Как в этих условиях поступить слабеющей день ото дня России? Ответ — в любом книжном магазине, в книгах Суворова-Резуна. Ну посмотрите, как заманчиво, соблазнительно дает он этот ответ:
«Внезапность нападения действует ошеломляюще. Внезапность всегда тянет за собой целую цепь катастроф, каждая из которых тянет за собой другое: уничтожение авиации на аэродромах делает войска уязвимыми с воздуха, и они (не имея траншей и окопов в пограничных районах) вынуждены отходить. Отход означает, что у границ брошены тысячи тонн боеприпасов и топлива, отход означает, что брошены аэродромы, на которых противник немедленно уничтожает брошенные самолеты. Отход без боеприпасов и топлива означает неминуемую гибель».
Читая все это, невольно думаешь: не сошли ли в НАТО от ненависти к России с ума?
Иначе не объяснить, почему в странах НАТО с удовольствием печатают книги Суворова-Резуна, содержащие столь безумную околесицу, а также провокационный алгоритм нападения русских на страны НАТО.
У книги «Ледокол» есть послесловие Владимира Буковского, озаглавленное «Монумент человеческой слепоте». Владимир Буковский рассказывает, как Суворов-Резун пришел к своему гениальному открытию, что Сталин готовил нападение на Европу.
«А произошло это, по его словам, совершенно случайно. Уже в академии получилось так, что лекции по военной истории следовали сразу после лекций по стратегии. «И вот, — рассказывал он, — сижу и слушаю о том, что если наш противник готовится к внезапному нападению, то он должен будет стянуть свои войска к границе и расположить свои аэродромы как можно ближе к линии будущего фронта. А потом, сразу же за этой лекцией, мне рассказывают, что Сталин в 1941 году был к войне не готов, допустил много серьезных ошибок, в частности, расположив свои аэродромы прямо на самой границе с немцами, стянув туда свои лучшие части… Что за наваждение? Не может быть и то, и другое правдой: или историк врет, или стратег ошибается».
Вот тут и возникла гениальная мысль Суворова-Резуна. Самолеты стояли у границы, а значит…
И даже здесь придется разочаровать польского профессора — и его друга, известного советского диссидента. Самолеты стоят у границы и по сей день.
Когда я в 1969 году улетал из аэропорта Петропавловска-Камчатского, самолет разгонялся по взлетной полосе, у которой крылом к крылу стояли истребители-перехватчики Як-25. Самолет несся по бетонному покрытию, а истребители все продолжали мелькать за стеклом. Я тогда поразился — сколько же их много! От этого-то удивления я их и запомнил.

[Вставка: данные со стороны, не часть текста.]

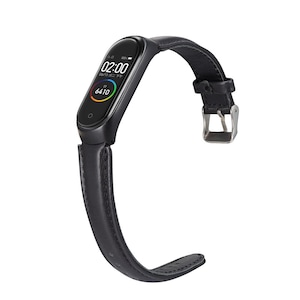 Solid Crazy Horse Pattern Leather Watch Band Watch Strap Replacement for Xiaomi Miband 4 BLACK COLOR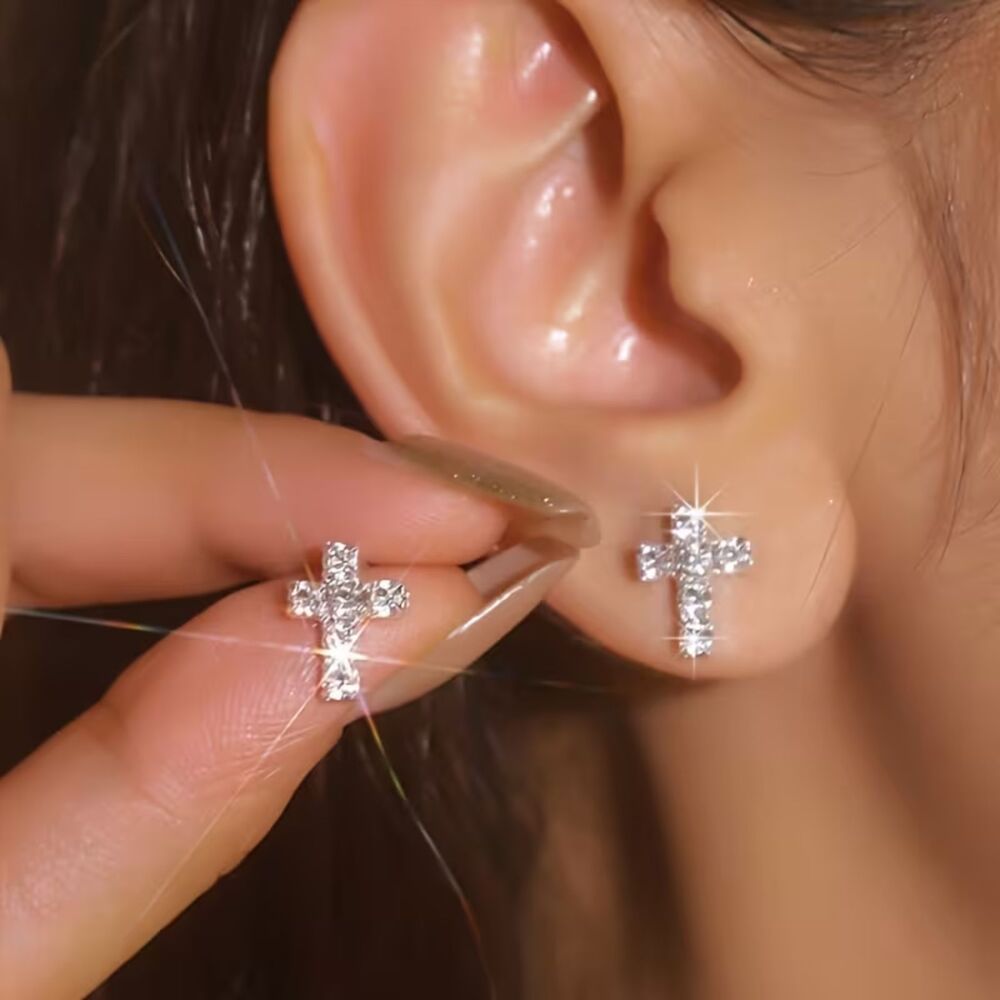 Silver Zirconia Crystal Cross Stud Earrings Post Back Gemstone Religious Simple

Истребители должны быть на границе. Они должны стоять на взлетной полосе, чтобы по сигналу тревоги тотчас взмыть в воздух. Никто ведь не знает, как полетит нарушитель: одним самолетом или тысячной армадой бомбардировщиков. И потому самолеты стоят на взлетной полосе, шеренгой, крылом к крылу. Стоят они и сейчас. Это — не военная тайна. Но в 1941-м у границ стояли самолеты И-16. На самолетах нового поколения пилоты летать еще не умели. Летом 1941-го битву в небе советской авиации было не выиграть. А это значит — и битву на земле. Вот почему Сталин не мог летом 1941 года напасть на Германию, даже если бы — безумное предположение — и захотел. Вот почему напала Германия.